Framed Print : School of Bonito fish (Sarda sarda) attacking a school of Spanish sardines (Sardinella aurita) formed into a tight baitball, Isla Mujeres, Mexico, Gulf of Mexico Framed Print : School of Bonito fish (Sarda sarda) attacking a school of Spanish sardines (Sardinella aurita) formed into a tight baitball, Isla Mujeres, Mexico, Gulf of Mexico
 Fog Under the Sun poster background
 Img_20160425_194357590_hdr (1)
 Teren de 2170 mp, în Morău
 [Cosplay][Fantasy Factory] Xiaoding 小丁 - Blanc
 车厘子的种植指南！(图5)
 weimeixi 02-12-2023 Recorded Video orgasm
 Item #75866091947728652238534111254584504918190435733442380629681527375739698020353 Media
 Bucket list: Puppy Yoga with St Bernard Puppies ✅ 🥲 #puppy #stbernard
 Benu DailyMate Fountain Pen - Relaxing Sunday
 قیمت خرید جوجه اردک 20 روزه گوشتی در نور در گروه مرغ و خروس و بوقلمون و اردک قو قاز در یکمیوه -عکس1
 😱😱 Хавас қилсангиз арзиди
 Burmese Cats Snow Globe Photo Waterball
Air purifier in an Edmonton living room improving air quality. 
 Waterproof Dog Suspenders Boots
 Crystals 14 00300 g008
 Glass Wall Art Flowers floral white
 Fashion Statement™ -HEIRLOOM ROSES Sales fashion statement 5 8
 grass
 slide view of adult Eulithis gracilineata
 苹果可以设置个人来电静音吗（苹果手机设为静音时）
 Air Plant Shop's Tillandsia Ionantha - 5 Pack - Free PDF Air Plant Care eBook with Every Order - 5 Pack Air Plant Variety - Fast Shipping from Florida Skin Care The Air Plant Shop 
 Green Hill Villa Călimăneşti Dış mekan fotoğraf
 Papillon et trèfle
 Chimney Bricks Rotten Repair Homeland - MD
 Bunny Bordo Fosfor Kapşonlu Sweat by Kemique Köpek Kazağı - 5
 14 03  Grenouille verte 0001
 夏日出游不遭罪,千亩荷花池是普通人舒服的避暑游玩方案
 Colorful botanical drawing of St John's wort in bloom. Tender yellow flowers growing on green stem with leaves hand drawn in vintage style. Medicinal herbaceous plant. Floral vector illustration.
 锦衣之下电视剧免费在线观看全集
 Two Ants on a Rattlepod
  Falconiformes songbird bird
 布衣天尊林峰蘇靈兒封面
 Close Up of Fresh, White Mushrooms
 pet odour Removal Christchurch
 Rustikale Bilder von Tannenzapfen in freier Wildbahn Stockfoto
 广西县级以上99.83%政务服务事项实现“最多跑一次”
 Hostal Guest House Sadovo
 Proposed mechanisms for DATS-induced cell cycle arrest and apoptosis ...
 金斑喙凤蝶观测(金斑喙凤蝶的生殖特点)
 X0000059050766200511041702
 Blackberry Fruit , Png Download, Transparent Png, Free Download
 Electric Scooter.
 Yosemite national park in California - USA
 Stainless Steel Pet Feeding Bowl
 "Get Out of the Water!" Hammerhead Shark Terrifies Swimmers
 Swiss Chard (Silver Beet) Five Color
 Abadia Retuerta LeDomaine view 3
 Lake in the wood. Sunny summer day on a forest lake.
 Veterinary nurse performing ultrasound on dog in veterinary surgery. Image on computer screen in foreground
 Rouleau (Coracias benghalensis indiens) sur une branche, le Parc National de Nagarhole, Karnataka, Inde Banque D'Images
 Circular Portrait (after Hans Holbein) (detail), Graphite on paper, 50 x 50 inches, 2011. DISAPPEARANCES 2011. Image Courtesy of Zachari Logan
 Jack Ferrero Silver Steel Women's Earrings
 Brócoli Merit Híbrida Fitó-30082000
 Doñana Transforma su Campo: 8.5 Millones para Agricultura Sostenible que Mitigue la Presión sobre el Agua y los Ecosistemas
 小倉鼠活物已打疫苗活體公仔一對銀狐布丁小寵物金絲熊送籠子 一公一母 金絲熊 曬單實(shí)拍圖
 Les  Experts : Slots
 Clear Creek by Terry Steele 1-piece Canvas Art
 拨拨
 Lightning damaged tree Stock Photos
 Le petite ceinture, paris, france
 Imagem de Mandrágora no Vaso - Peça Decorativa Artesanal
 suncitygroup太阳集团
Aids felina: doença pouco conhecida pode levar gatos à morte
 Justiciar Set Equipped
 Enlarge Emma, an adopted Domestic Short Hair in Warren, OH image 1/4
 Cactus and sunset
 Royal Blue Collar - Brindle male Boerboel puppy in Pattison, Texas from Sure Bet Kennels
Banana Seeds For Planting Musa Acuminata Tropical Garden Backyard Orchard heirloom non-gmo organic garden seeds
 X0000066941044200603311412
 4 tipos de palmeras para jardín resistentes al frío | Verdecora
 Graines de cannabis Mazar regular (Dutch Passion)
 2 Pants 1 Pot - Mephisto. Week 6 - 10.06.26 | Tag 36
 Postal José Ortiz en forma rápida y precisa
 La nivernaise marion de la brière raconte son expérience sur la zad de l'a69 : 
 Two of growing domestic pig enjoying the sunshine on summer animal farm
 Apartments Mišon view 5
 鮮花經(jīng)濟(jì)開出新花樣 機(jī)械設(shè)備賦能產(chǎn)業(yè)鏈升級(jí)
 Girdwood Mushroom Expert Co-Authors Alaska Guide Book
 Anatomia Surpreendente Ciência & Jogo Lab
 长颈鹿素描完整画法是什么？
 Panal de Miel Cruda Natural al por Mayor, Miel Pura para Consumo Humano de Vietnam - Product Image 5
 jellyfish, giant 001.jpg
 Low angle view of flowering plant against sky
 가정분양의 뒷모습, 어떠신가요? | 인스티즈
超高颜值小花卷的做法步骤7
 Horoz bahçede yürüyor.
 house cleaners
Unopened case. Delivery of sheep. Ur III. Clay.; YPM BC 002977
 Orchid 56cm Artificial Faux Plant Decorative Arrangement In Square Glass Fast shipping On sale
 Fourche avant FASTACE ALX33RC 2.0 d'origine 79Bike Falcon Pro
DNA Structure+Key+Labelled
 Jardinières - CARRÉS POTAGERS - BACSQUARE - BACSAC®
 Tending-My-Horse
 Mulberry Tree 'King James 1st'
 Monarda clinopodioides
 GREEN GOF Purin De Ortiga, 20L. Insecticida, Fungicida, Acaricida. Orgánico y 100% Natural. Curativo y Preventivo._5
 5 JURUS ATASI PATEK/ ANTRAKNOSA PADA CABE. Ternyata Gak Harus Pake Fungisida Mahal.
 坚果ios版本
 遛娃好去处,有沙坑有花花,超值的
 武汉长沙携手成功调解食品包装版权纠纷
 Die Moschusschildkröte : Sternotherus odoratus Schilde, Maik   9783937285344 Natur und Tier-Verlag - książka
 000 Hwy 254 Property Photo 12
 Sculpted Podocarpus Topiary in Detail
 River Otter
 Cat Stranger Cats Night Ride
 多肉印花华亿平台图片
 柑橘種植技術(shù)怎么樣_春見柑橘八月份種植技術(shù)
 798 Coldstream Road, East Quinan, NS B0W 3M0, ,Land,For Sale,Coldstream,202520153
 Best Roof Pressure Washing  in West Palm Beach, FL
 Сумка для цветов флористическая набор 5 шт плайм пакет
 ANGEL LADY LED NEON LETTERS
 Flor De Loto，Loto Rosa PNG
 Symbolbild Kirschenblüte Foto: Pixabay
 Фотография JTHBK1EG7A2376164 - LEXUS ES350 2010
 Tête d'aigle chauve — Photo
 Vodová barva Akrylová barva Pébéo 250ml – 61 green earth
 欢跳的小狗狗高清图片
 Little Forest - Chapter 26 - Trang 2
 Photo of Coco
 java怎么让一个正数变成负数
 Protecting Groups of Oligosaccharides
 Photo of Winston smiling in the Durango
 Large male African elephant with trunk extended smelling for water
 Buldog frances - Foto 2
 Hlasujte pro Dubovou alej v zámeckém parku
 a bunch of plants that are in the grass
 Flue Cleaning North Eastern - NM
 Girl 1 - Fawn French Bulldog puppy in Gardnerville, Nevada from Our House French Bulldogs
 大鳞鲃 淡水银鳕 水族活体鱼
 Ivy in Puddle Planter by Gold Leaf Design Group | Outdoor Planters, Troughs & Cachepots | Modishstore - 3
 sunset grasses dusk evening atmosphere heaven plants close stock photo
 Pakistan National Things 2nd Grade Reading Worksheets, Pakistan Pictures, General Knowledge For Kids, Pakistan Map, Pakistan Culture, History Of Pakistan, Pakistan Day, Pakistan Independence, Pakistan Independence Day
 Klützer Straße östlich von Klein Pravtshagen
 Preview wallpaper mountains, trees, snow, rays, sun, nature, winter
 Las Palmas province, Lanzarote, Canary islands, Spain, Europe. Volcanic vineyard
++++++
Exercise => In the listing above, find the line containing "Хавас қилсангиз арзиди" and the line containing "苹果可以设置个人来电静音吗（苹果手机设为静音时）", then quote both, plus every line between them, exactly as written.

Written solution =>
 😱😱 Хавас қилсангиз арзиди
 Burmese Cats Snow Globe Photo Waterball
Air purifier in an Edmonton living room improving air quality. 
 Waterproof Dog Suspenders Boots
 Crystals 14 00300 g008
 Glass Wall Art Flowers floral white
 Fashion Statement™ -HEIRLOOM ROSES Sales fashion statement 5 8
 grass
 slide view of adult Eulithis gracilineata
 苹果可以设置个人来电静音吗（苹果手机设为静音时）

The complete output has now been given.